Why does os.fdopen() ignore "mode" argument?

Question

This piece of code when run on Python 2.7.16 and 3.8.3 produces different results:

import tempfile
import os

fd, lockfile = tempfile.mkstemp()
flags = os.O_RDWR | os.O_CREAT
mode = 'w+b'

fd = os.open(lockfile, flags)
fileobj = os.fdopen(fd, mode)

print(fileobj.mode)

os.remove(lockfile)

In 2.7 it prints w+b as expected but in 3.8 it prints rb+. Why wouldn't it be respecting the mode parameter in this way?

I've tried manually creating a file to discount tempfile differences but still get the same result.

I can't see anything obvious in the docs:

• https://docs.python.org/3.8/library/os.html#os.fdopen
• https://docs.python.org/2.7/library/os.html#os.fdopen

Running on MacOS 10.14.6

Answer 1

From the documentation of the built-in open function:

mode is an optional string that specifies the mode in which the file is opened.

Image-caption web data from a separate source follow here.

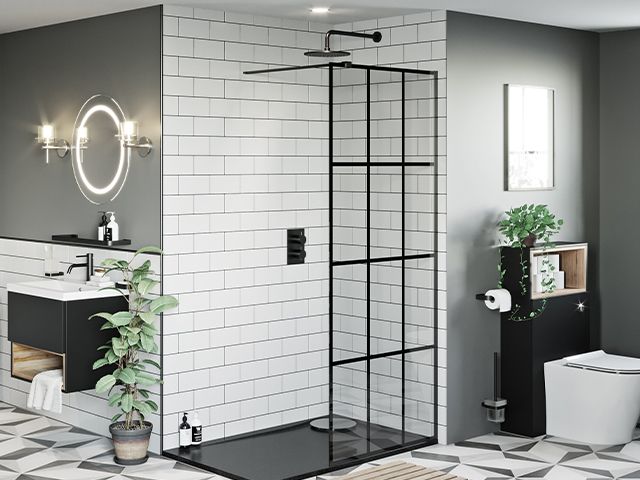 crittall style shower screen against while tiles, black shower tray and geometric floor tiles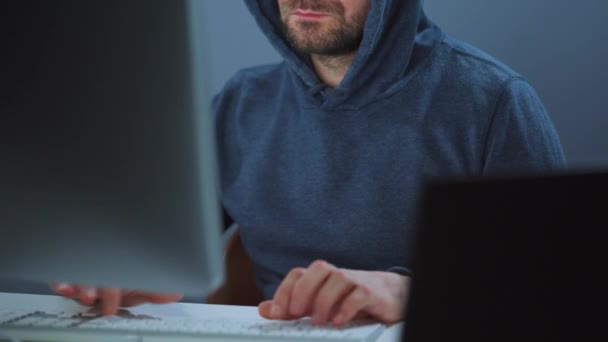 Un hacker maschio con cappuccio e occhiali che lavora su un computer in una stanza buia dell'ufficio. Concetto di criminalità informatica — Video Stock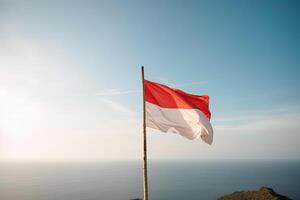 Indonesia nacional bandera ondulación en el azul cielo en el Oceano antecedentes. rojo y blanco bandera con nubes ai generado foto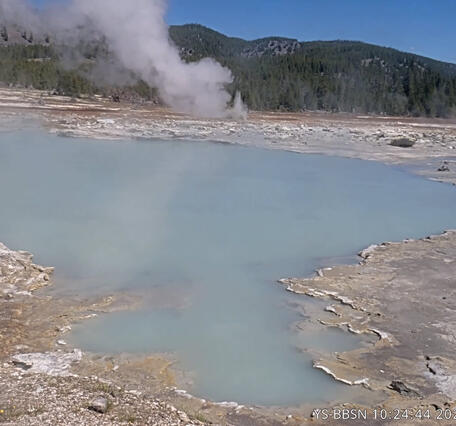 blue pool in a barren area with a treed ridge in the background under blue sky and a small steam vent in the middle ground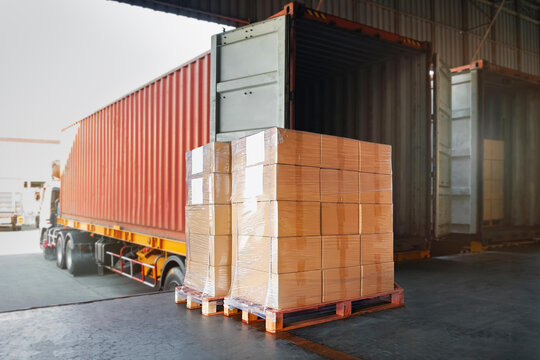 Loading wooden crates onto semi-truck trailer in warehouse bay with warehouse logistics shipping delivery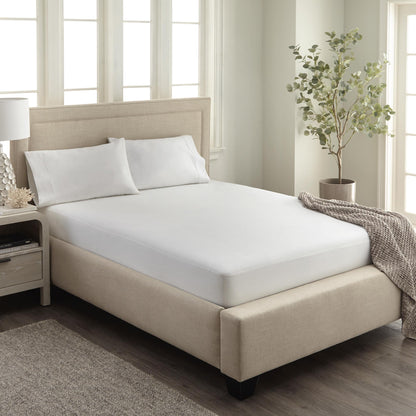 Fitted white organic waterproof pique mattress cover shown on a bed in a beautifully lit bedroom setting.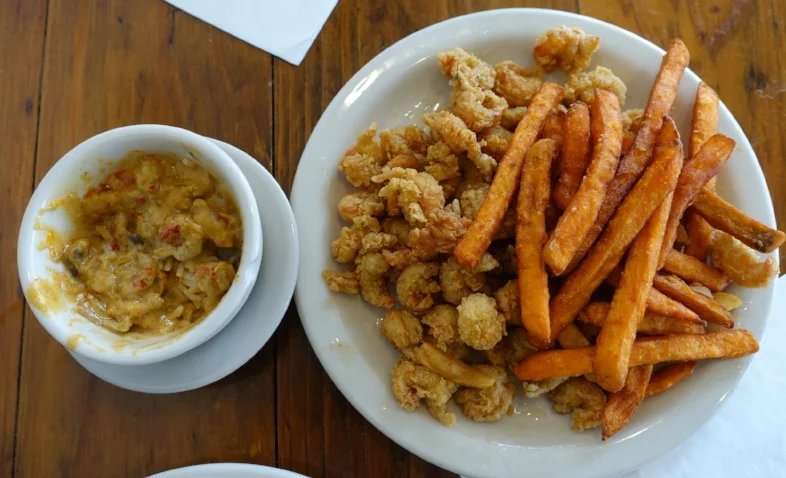 shrimp etouffee (left) and crawfish with sweet potato fries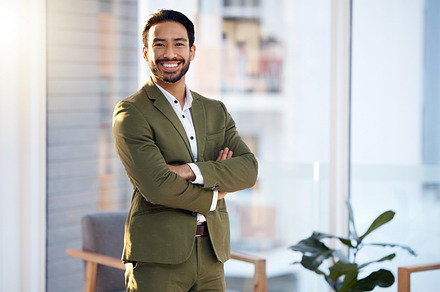 Professional portrait of asian man in office with leadership, business mindset and happy career with designer fashion. Face of a proud and confident Japanese manager, boss or entrepreneur with smile, a Photo by Peopleimages.com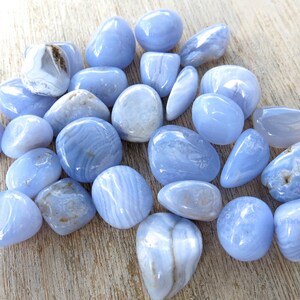 May include: A collection of blue agate tumbled stones. The stones are smooth and polished, with a variety of blue and white patterns.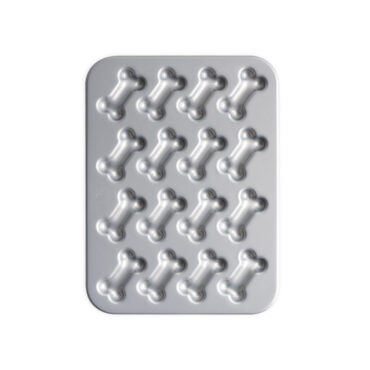 Nordic Ware red nonstick treat pan with 12 bone-shaped cavities, silver interior coating visible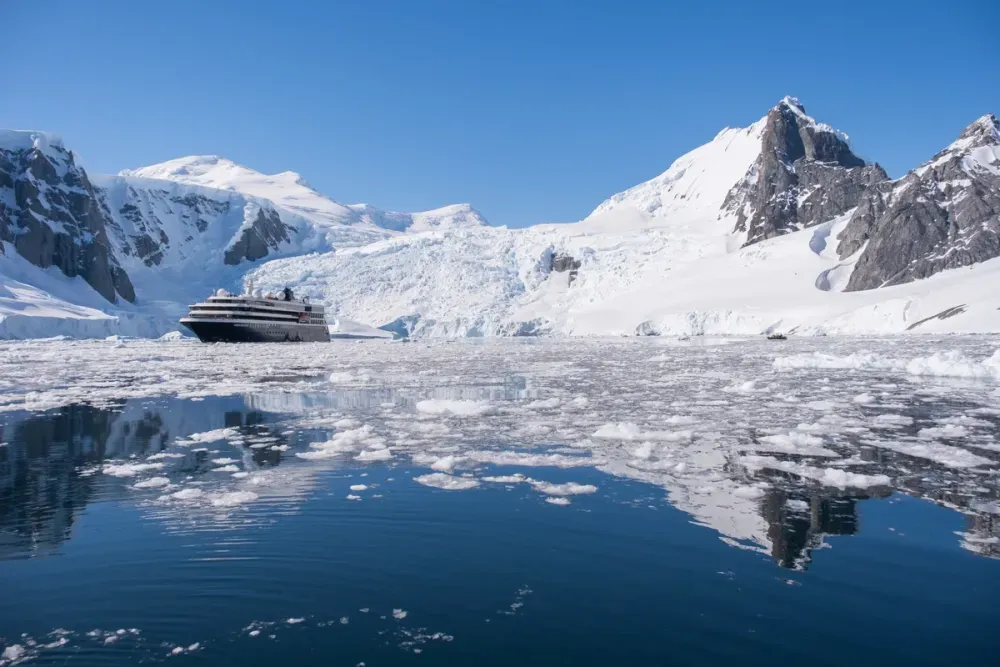 Cruise ship sailing next to a glacier and icy water
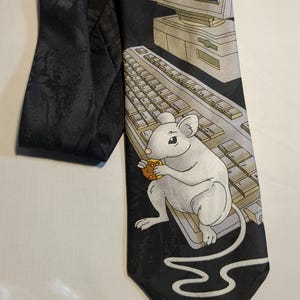 Könnte beinhalten: Schwarze Krawatte mit einem Computer-Motiv. Die Krawatte zeigt eine weiße Maus, die einen Keks hält, eine Tastatur, einen Computermonitor und einen Computer-Tower. Der Hintergrund ist schwarz.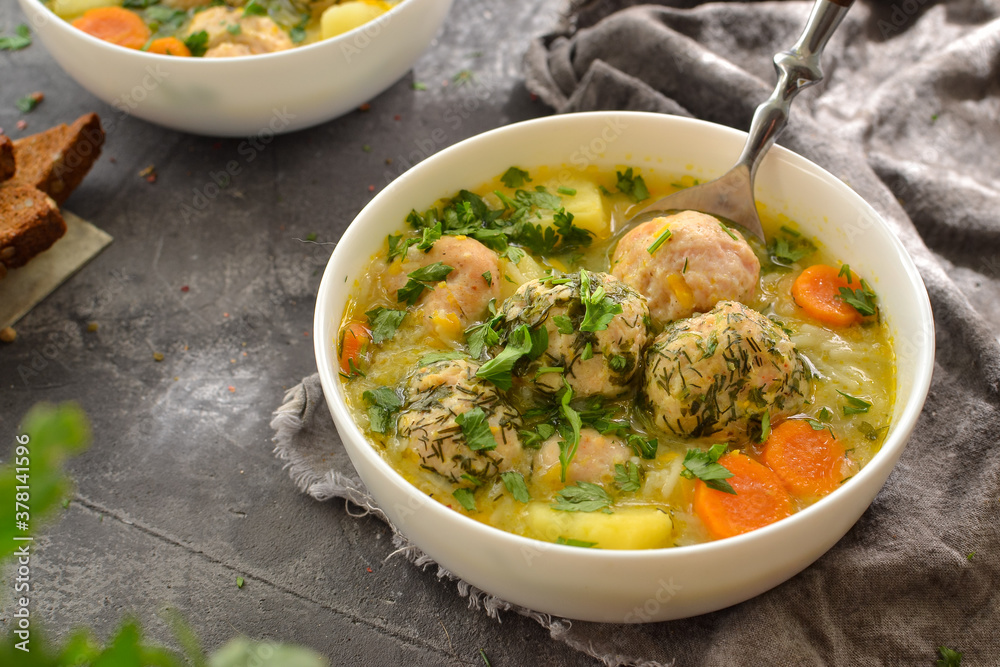 Meatball soup with noodles and carrots. Dark gray background. Gray linen napkin. Close-up. Healthy lunch, soup with herbs and meat. Meatball soup with noodles and carrots. Dark gray background. Gray linen napkin. Close-up. Healthy lunch, soup with herbs and meat.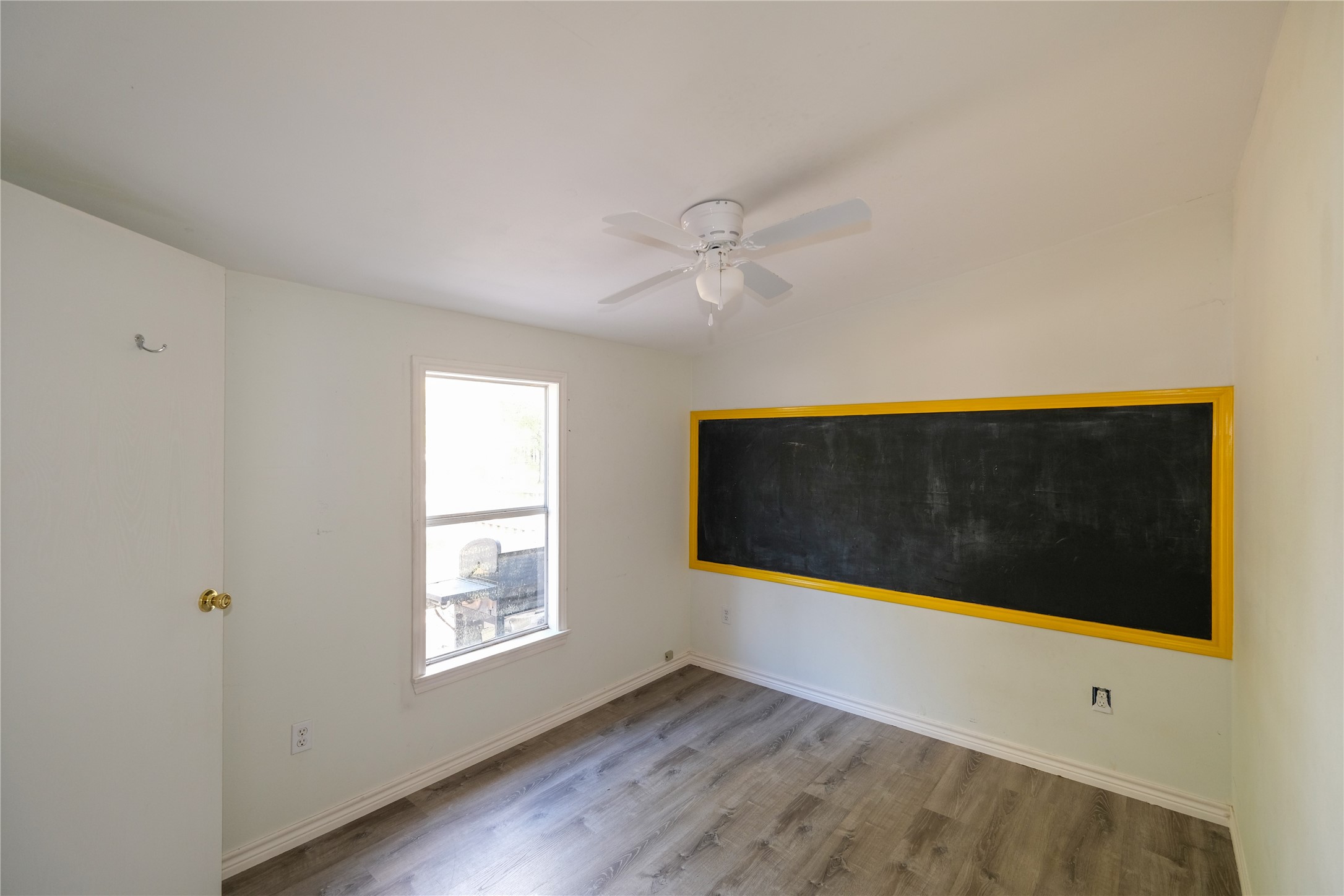 170 W Creek Trinity, TX 75862 - Photo 14 of 47 a view of an empty room with wooden floor and a window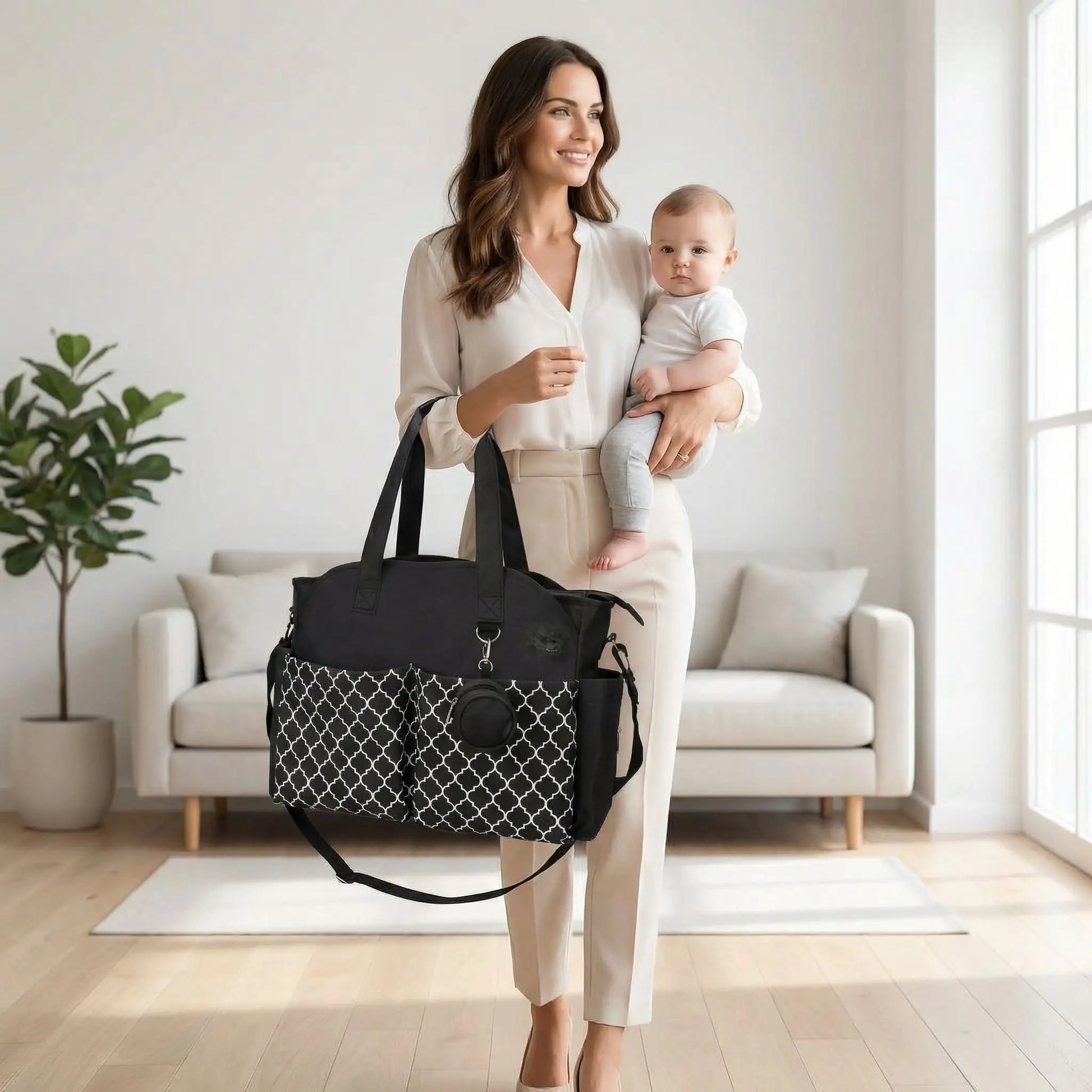 Sac a langer bebe noir structure porte a la main par une maman elegante prete a sortir avec son bebe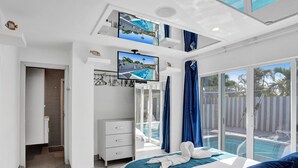 Quarto de hotel moderno com varanda, piscina e duas televisões na parede.
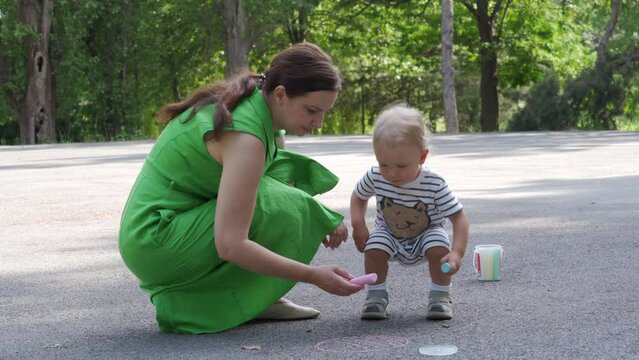 Mother and little child having fun drawing on asphalt in summer park, toddler boy playing with colored sidewalk drawing chalk on a path on sunny day. Outdoor playground activity for children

When open is called with a file descriptor rather than a file path (or when you use the alias fdopen that requires a file descriptor), no file is opened. A Python file-like object that wraps the file descriptor is created and returned. You can't change the mode of an open file, so the mode argument is simply ignored.

Answer 2

I'm not sure if Python tracks this, but given your flags used in os.open, I'd say that rb+ is actually correct.

You called os.open with flags "read/write" and "create if not exist", but without "truncate" (O_TRUNC). This is exactly the difference between modes rb+ and wb+. Assume Python tracked your flags, it's the correct mode.